Liban, entre réalité et fiction // Troisième Biennale des photographes du monde Arabe contemporain. Institut du Monde Arabe, Paris.

Liban, entre réalité et fiction
Troisième biennale des photographes du monde arabe contemporain
Institut du monde Arabe
11 septembre 2019 – 1er décembre 2019 (prolongée)
Page de l’exposition

Pour cette troisième Biennale des photographes du monde arabe contemporain – qui se déroule cette année dans neuf lieux de la capitale -, l’IMA a mis à l’honneur la scène libanaise avec des œuvres pour la plupart réalisées au cours de la dernière décennie. C’était mon baptême de cette biennale photographique et j’en ressors vraiment enrichie et touchée. Le propos de l’exposition de l’IMA est d’une qualité rare, que la scénographie souligne avec une justesse et une beauté implacables.

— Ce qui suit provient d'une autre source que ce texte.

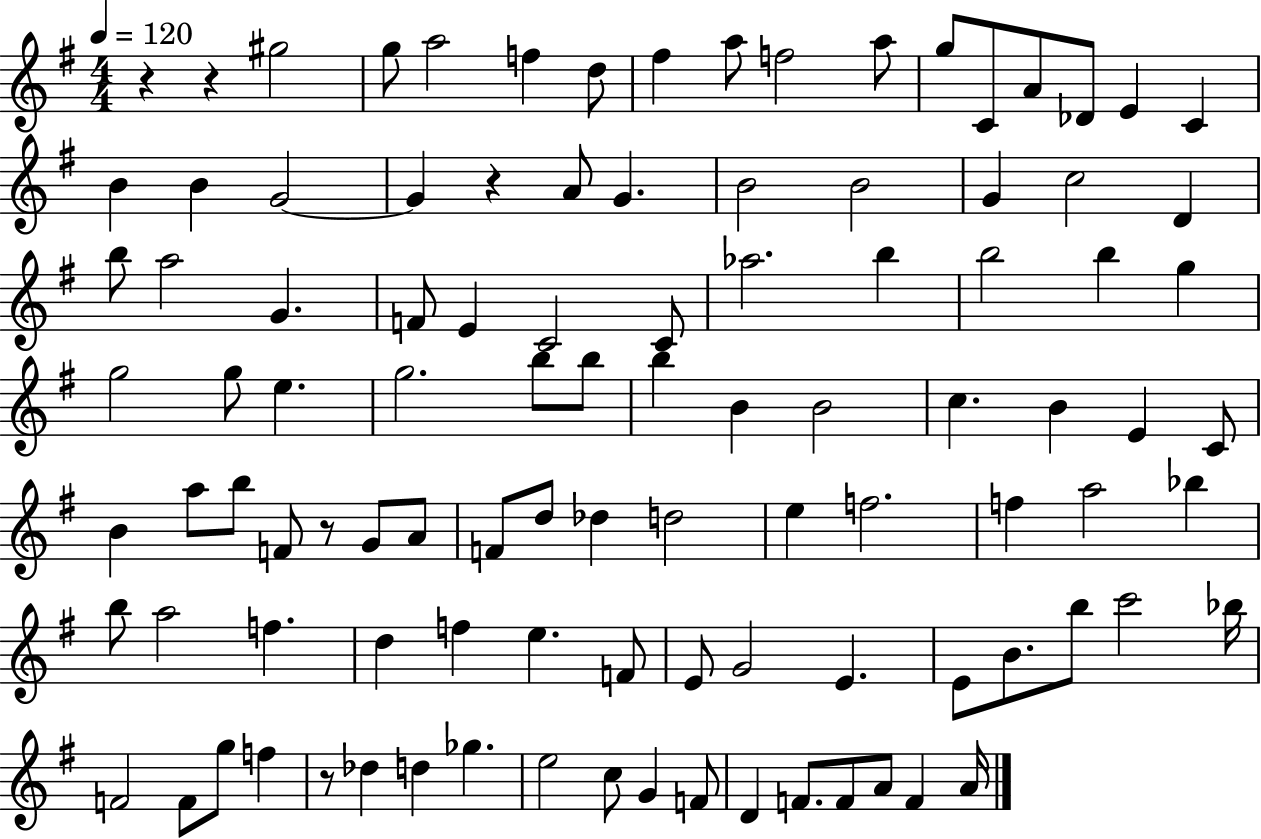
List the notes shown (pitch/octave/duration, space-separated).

Le Liban à l’honneur à l’IMA

Les années de guerre civile au Liban (1975-1990) ont profondément marqué les photographes. Le besoin d’entretenir la mémoire d’un patrimoine architectural perdu, de montrer les stigmates du conflit, semblait au cœur de leurs préoccupations artistiques. Certains travaux actuels en conservent la mémoire ; mais une nouvelle génération s’en détache et aborde des thématiques inédites. C’est cette nouvelle génération qui est à découvrir à l’IMA.

Site de l’exposition

Du réalisme à la fiction, un parcours clair

« L’exposition s’articule en deux temps. Une première séquence, à caractère documentaire, est en prise avec la réalité géographique, urbaine et sociale, l’histoire, le devoir de mémoire, le mélange des communautés, l’exil. La seconde, échappant aux contraintes du réalisme, réunit des artistes qui nous entraînent dans d’autres paysages, rêvés ou inventés, exprimant la quête d’un ailleurs, le désir d’évasion. Les travaux ici réunis abordent le registre de la fiction, cultivent l’imaginaire, développant des formes telles que le photomontage ou le collage numérique.  » (site de l’exposition)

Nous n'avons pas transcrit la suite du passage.